◆ Description of the task:
What you write must match, character for character, the lines from the one with "Cut-paper Abstraction poster da vintageshop" down to the one with "For Xiaomi Redmi" in the listing below, minus its pictures.

◆ Given information:
********************
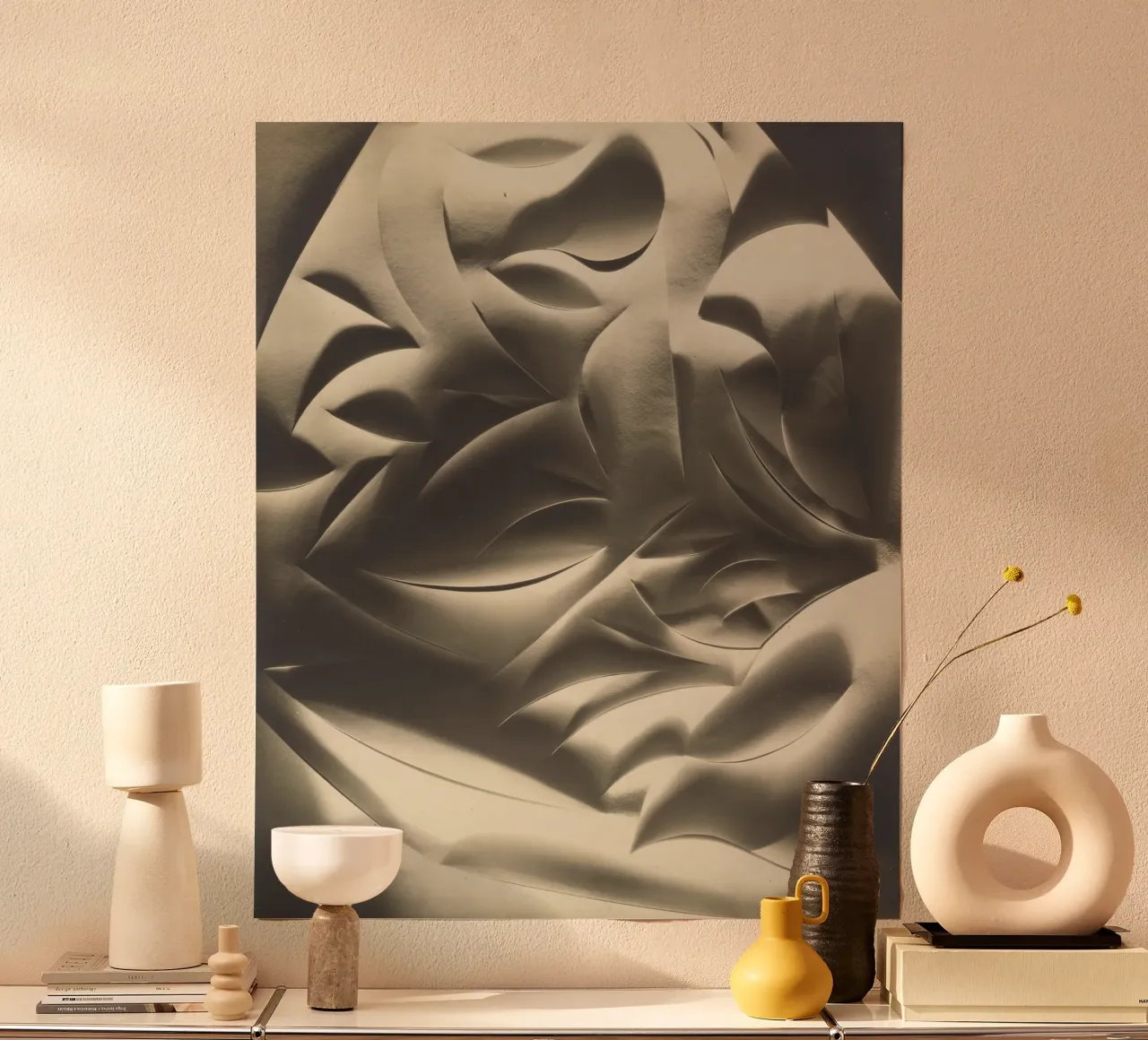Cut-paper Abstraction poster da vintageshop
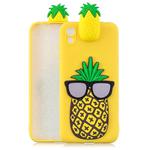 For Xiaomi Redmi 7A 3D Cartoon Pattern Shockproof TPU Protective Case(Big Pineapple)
********************
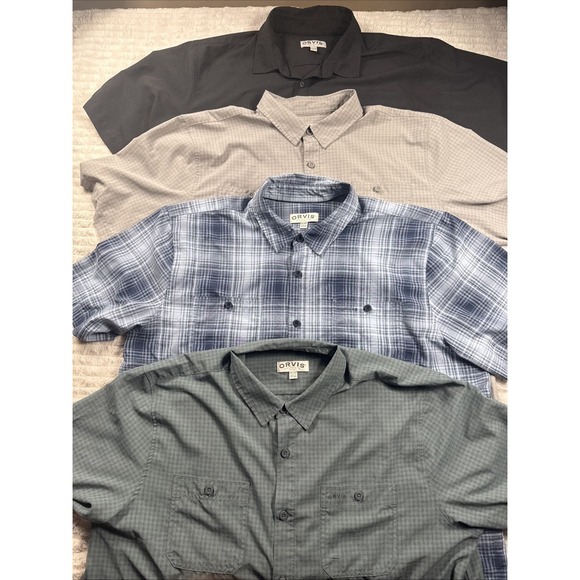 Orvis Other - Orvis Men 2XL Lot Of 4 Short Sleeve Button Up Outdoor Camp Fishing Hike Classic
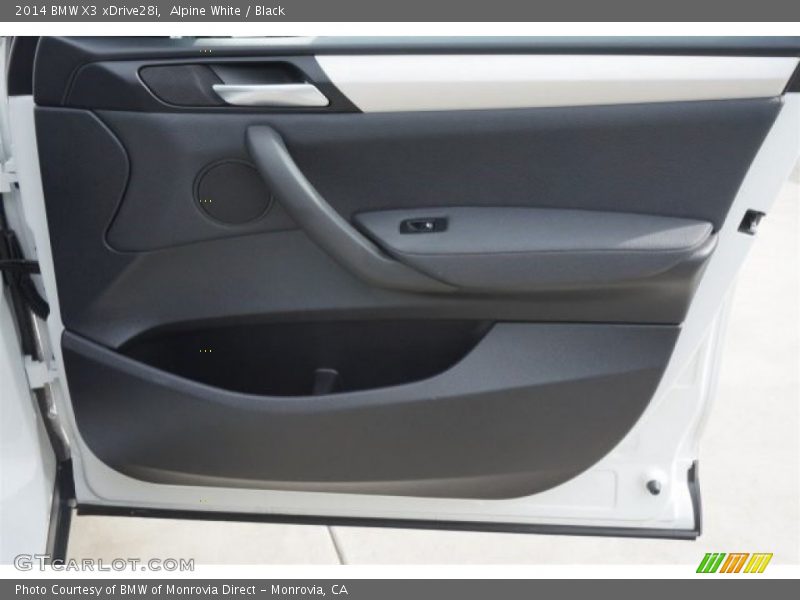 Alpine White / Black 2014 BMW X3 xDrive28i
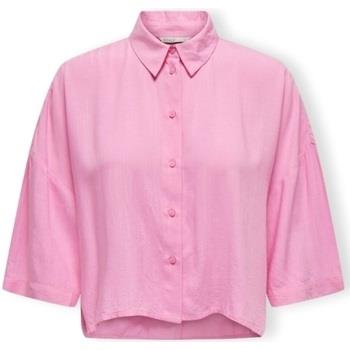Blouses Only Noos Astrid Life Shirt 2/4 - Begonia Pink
********************
◆ Task answer:
Cut-paper Abstraction poster da vintageshop
 For Xiaomi Redmi 7A 3D Cartoon Pattern Shockproof TPU Protective Case(Big Pineapple)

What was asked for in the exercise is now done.